After all the protests and riots, what will it take to seriously tackle a problem white people know little about?
This past Wednesday night, there were protests in eight cities across the country. In Manhattan, I could hear the ‘copters overhead and the streets downtown were crawling with scooter cops, squad cars, a big police presence. I saw a news flash that three demonstrators in Ferguson, MO were shot in some street violence.
I’m trying to sort out my feelings about the Baltimore protests (or riots, depending on your point of view). Also about President Obama’s comments on Tuesday in reaction to the events in Baltimore, Ferguson, Staten Island and many other places.
Obama urged us to “do some soul-searching” so that’s where I’ll start. In my soul, I don’t give nearly enough weight and menace to the use of deadly force by cops, whether the cops are white or black, or the alleged perpetrators. How could I? I’m white, cops are my friends. I grew up in the exurbs and suburbs, or in stable middle-class urban neighborhoods. It never happened where I lived. When it did happen (in the movies and on TV) it was antiseptic, justified and thrilling. I learned the simple formula: cops=good, their targets=bad. My story doesn’t include any encounters with cops, other than the occasional speeding ticket.
Race has something (everything?) to do with the story we are hearing now. In Salon, a writer named Julia Blount addresses white people with this message: “If you are not listening, not exposing yourself to unfamiliar perspectives, not watching videos, not engaging in conversation, then you are perpetuating white privilege and white supremacy. It is exactly your ability to not hear, to ignore the situation, that is a mark of your privilege.”
I’m not sure if I’m guilty as charged, but I am guilty of assuming the best and being weary of confronting the worst. My contacts with black people have been scarce, rarely going deeper than cordiality. I’ve done some professional work on issues like redlining and affirmative action and such, but that’s been nine to five stuff. I also find (when I soul-search) a knot of despair that after six or seven decades of “social programs” and hundreds of billions of dollars we haven’t substantially improved the prospects for people who live in troubled black communities. Has nothing changed since Soul on Ice (1965)? Was all that wrongheaded? Did we listen to the “right” community leadership when we crafted all those programs?
The Gordian knot of all this has strands of personal antipathy, institutional racism, blame-placing, cultural gulfs and chasms, economic injustices, policies that impede progress, so many strands that no wonder we reach for a sword. Marches, protests, demonstrations are a part of that sword. I remember the feeling of having the power to change things when I marched against the Vietnam war. I remember the feeling of standing in a line, arms locked, to defend a clinic against anti-abortionists who spat on us and screamed in our faces. So the soul-searching and Ms. Blount’s words remind me that I have been engaged in some similar conversations.

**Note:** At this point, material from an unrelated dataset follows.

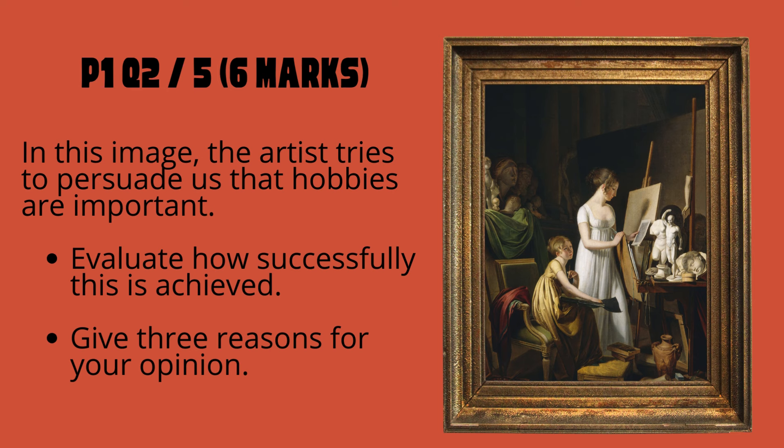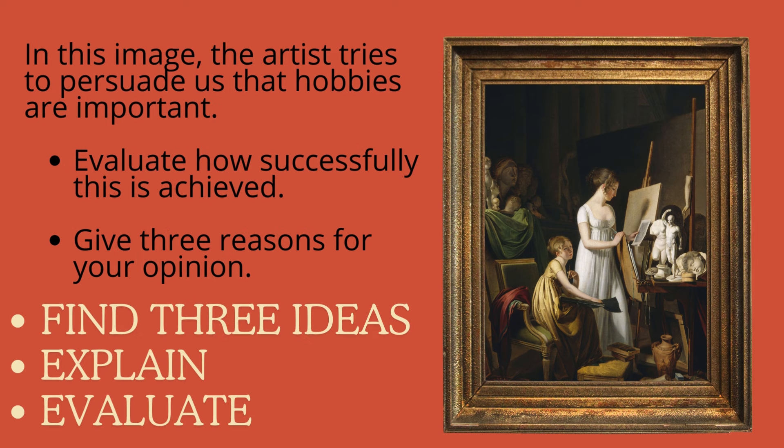Let's think about this question in more detail. Paper 1, Question 2 and Question 5 are worth six marks. If we're presented with an image where the artist tries to persuade us that hobbies are important, we would be told: evaluate how successfully this is achieved, with three reasons for your opinion. You need to find three ideas about how the artist presents hobbies as important, explain each idea, and then evaluate whether it's successful at persuading.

But maybe not so much in this one. I am finding not much hope or promise of change from these actions. This is predictable theatre, demonstrators do their thing, cops do their thing, there will be arrests and speeches and cries of “revolution.” The riots will push the issues to the front section of the paper where they will compete for attention with the Supreme Court’s work on gay marriage and the deliberations about the sentencing of Dzhokhar Tsarnaev.

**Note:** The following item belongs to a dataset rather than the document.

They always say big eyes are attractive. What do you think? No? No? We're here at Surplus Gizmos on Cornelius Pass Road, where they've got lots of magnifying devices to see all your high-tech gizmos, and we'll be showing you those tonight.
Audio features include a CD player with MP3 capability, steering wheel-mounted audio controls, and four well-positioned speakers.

I’m afraid that we are stuck with government as the primary engine of change. The marketplace can bring about change, no doubt, but that’s a slog. Until and unless we improve the composition of our government, that engine will sputter and wheeze. I’ve been interested in the responses from the leading Presidential candidates to see if any of them have anything other than calls for soul-searching.
Is there any chance that any candidate can make real change in the economic imbalances and opportunities that continue to plague us? Is there any plan that can begin to dismantle the epidemic of drug arrests and incarceration of hundreds of thousands of black men? Do all of then assume that if we “just” change the rules then blacks and whites can play well together?
My soul feels complicated on this matter and I don’t find much solace in the slogans of candidates. Bernie Sanders just announced he’s in the race. What are his action plans for the things he has been railing about for years? And where and how do we as white people begin to grapple honestly and collectively with our alienation from the black community?